GIVEN DATA:

<<<<

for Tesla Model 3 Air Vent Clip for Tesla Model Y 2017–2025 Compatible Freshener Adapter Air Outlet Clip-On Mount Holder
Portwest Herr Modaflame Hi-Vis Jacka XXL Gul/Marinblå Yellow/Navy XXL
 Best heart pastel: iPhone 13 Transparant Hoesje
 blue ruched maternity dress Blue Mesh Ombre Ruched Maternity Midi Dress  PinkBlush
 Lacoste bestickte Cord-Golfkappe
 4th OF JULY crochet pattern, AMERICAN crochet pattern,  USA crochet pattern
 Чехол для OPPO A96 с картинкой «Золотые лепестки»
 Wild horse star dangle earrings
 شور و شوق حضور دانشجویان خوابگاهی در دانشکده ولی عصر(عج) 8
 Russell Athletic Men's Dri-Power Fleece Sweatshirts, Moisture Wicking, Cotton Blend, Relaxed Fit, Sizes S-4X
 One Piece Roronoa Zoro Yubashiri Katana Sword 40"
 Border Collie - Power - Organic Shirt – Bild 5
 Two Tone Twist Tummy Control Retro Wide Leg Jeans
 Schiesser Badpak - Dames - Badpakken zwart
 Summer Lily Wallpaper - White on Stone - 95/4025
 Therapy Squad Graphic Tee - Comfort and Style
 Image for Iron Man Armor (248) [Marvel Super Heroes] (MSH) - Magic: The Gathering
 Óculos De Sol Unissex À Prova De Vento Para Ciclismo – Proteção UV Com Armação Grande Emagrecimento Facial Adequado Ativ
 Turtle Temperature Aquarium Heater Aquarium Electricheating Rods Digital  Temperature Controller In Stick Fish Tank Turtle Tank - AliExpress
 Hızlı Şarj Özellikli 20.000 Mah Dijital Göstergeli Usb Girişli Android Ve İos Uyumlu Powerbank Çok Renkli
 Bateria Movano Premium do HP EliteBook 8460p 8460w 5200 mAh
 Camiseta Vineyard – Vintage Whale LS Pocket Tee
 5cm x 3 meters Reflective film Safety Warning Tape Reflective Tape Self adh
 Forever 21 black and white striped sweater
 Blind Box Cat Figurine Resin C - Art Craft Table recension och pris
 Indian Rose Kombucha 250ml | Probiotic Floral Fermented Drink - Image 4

>>>>

Only the number is wanted: how many lines in the entries above contain the word "Image"?

SOLUTION BELOW: 2